The site is hosted by NZ Kindergartens Incorporated - Te Pūtahi Kura Pūhou o Aotearoa (NZK) and has been developed by NZK in collaboration with kindergarten associations under the umbrella of Early Childhood Leadership.
An invitation is made to all kindergarten associations and individual kindergartens, to teachers, parent committee and association members past and present, and to anyone with personal papers, kindergarten artifacts or images to consider submitting material to extend the collection. Please go to contacts and email us for further information.

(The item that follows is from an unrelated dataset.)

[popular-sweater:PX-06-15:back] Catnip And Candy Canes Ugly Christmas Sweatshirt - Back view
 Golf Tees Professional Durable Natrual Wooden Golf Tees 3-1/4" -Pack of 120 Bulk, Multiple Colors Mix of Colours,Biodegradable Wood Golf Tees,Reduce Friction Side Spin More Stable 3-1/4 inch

It is hoped the collection will be a useful resource and will be a guide to the kind of material it is important to preserve and safely store. We intend to develop guidelines to assist in this task. Some associations have already gifted their historic collections to local or national library collections, others have archived their own collections, but there are many unsorted documents in boxes and cupboards that need cataloguing and archiving in some form. This web repository is intended to showcase some of the valuable and interesting documents, images and artifacts we have in New Zealand. Kindergarten is truly an important part of our social history.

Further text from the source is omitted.